Some workloads can utilize almost all the power. Some workloads can not. Server workloads usually can scale almost infinitely. And we don't really have a choice, single-core workloads usually don't scale (most of the recent advancements are from implicit parallelization using speculative execution).


VM data centers. One of these machines can be loaded up with ram and host tons and tons of instances without over provisioning. Some of those VMs will be mostly idle, but others will be at full workloads, depending on the tenants.

Also, there are sites like Source Hut or Travis that run thousands upon thousands of CI jobs every minute. I worked at a place where we were resizing thousands of photos and hundreds of incoming videos ever minute. One of these could easily replace 10~20 nodes in a transcoding farm for companies that do these types of workloads on physical servers.

There are tons of commercial applications that would keep these things busy during business hours, and some that would also keep them busy 24/7.


No we don’t know how to use them. The abilities of single systems have far outstripped our ability to manage all those resources. It takes a lot of work to drive a system like this to the rails, and very few people even bother trying. The closest most people come to exploiting a machine this large is by carving it up into normal-sized virtual machines with independent operating systems. This makes the utilization look acceptable but in reality much of the resources are just being squandered.


It's easier to scale to multiple cores than to multiple machines, and cloud services have been doing multiple machines for decades.

If this wasn't needed or wasn't useful then we also wouldn't ever see companies buying more than a single rack (still want redundancy and hot spares ofc), but they do.

So yes we know how to use all these cores. You take what's currently 4 machines and consolidate it to a single machine. Or similarly 40 machines to 10 machines, etc...


I think you're exactly right. These cores are designed to be sold en masse to the cloud providers, who are looking for density in the rack, lowest total cost of operation (up front cost is nearly irrelevant), and above all power and thermal efficiency.

AMD knows they have some serious advantages there, especially on the efficiency front, with Zen3, and they're going pedal to the metal.


databases and webservers can use more cores no problemo


Prices are so high because cloud vendors have no incentive to lower them. It’s even worse with bandwidth. Cloud bandwidth prices are rape.
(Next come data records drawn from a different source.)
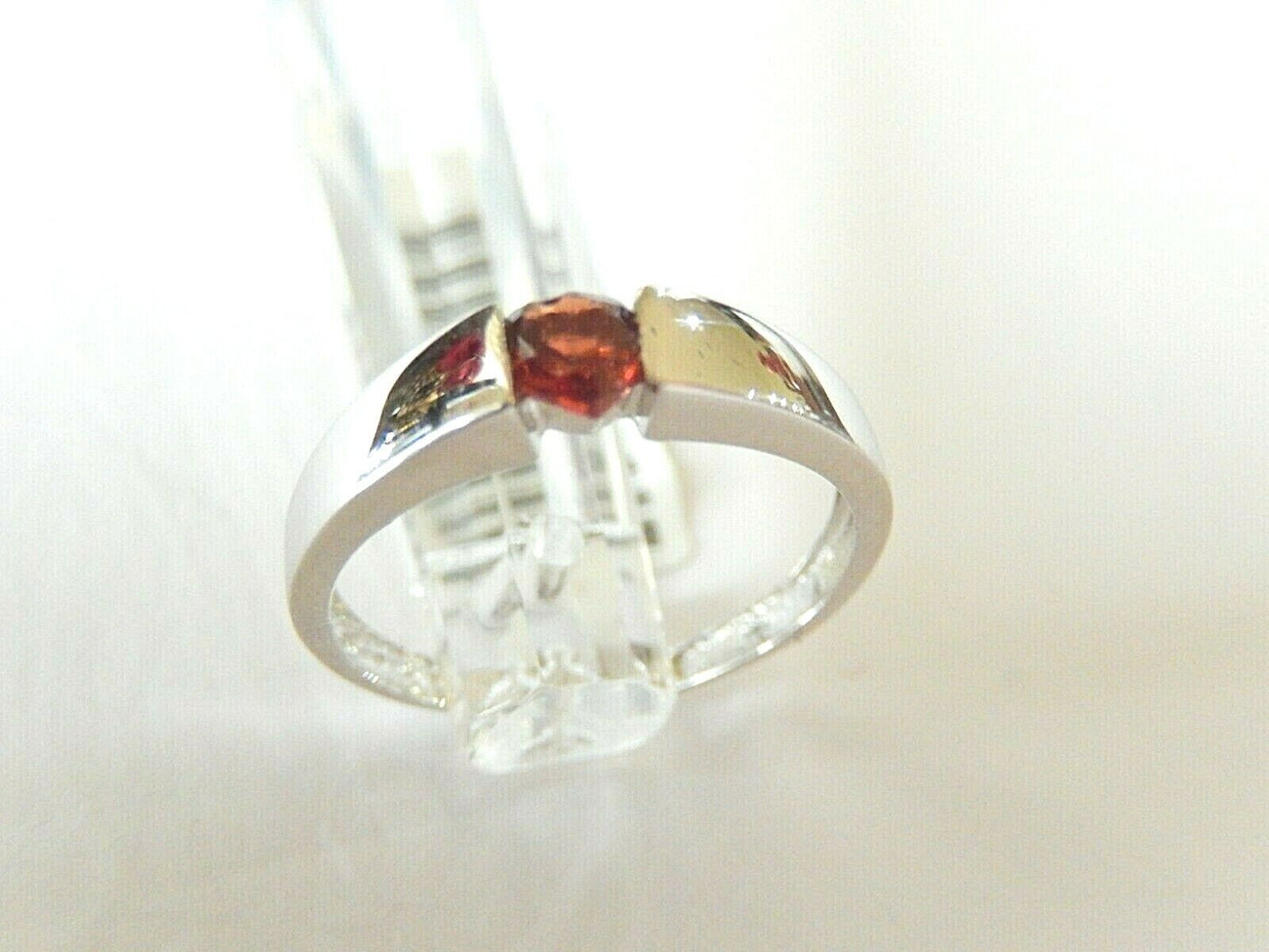 *NWT* 10K White Gold Solitaire Heart Shaped Citrine Gemstone Ring Size 6.75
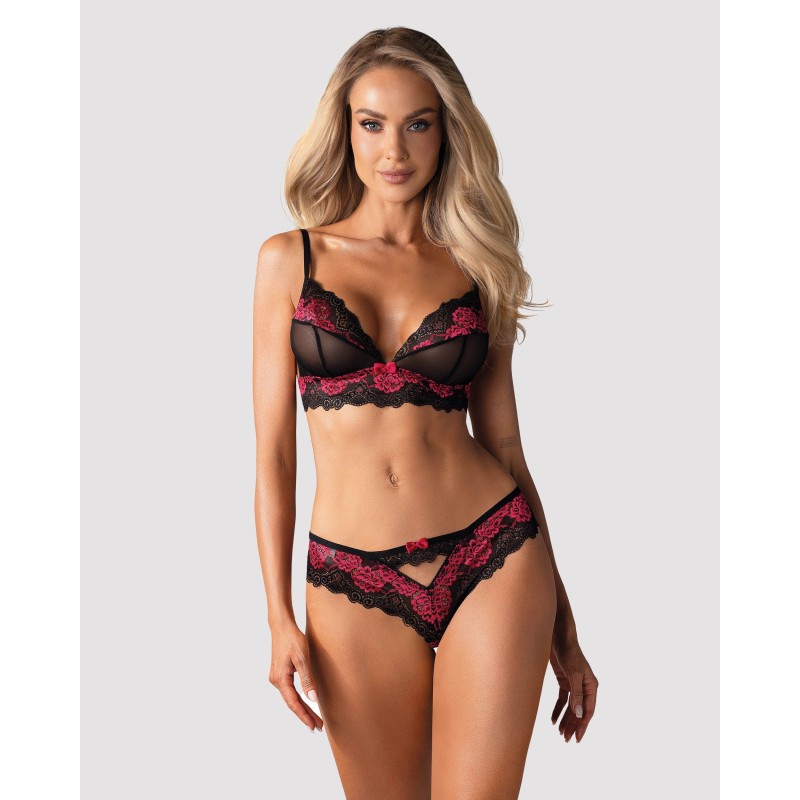 Conjunto de sujetador de 2 piezas Tulia - Negro/Rosa S/M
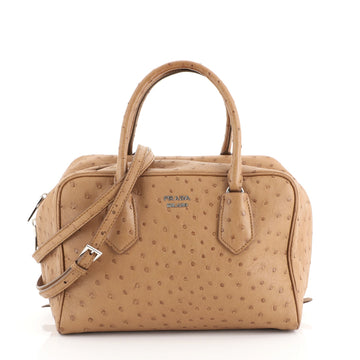 Prada Inside Bauletto Bag Ostrich Medium Brown 4438533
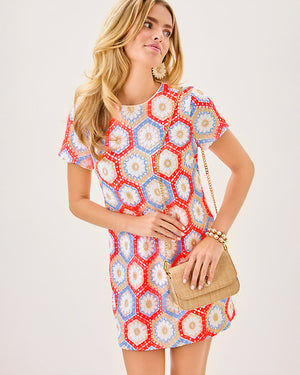 Leyla Shift - Cane Coral Daisy Hex Crochet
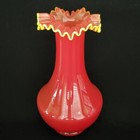 Antique vintage Pink Opaline Cased Yellow Crested Ruffled Art Glass Vase 10 75 
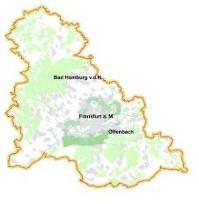 7 administrative districts, 6 cities, the federal state Hessen, planning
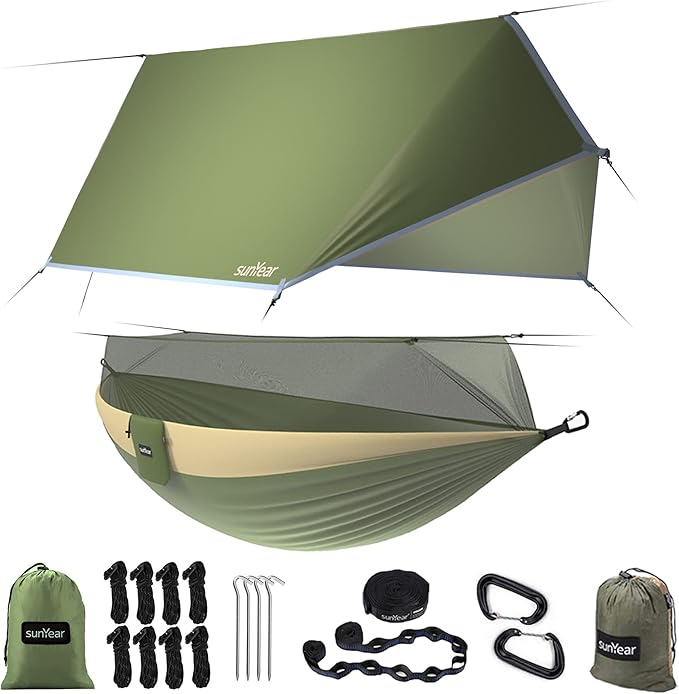 Sunyear Camping Hammock Portable Single &amp Double Hammock with Net 2 Person Hammock Tent with 2 * 10ft Straps Best for Outdoor Hiking Survival Travel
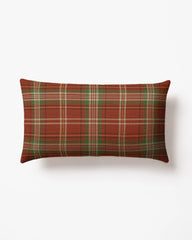 Merry Tartan Red & Green Woven Throw Pillow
Please don't use graphic terms like that to describe mundane activities


Epic: Faster Than Four Intel Xeon Platinum CPUs


2x EPYC 7713 are faster than 4x Xeon Platiniums


Intel is absolutely devastated by AMD


How many milliseconds this processor needs to compile the entire Debian distro? :D


The newer benchmark would be "how many hours does it compile Chromium?"


I did see this benchmark. For a consumer CPU, it looks pretty good. Looks like 46.3 minutes.

https://youtu.be/72AHENDeTEI?t=892

I guess it's actually pretty good for any CPU class.


Or: “how many milliseconds does it take to echo a keystroke in slack”?


I believe top-of-the-line Threadripper compiles Chromium in 30+ minutes.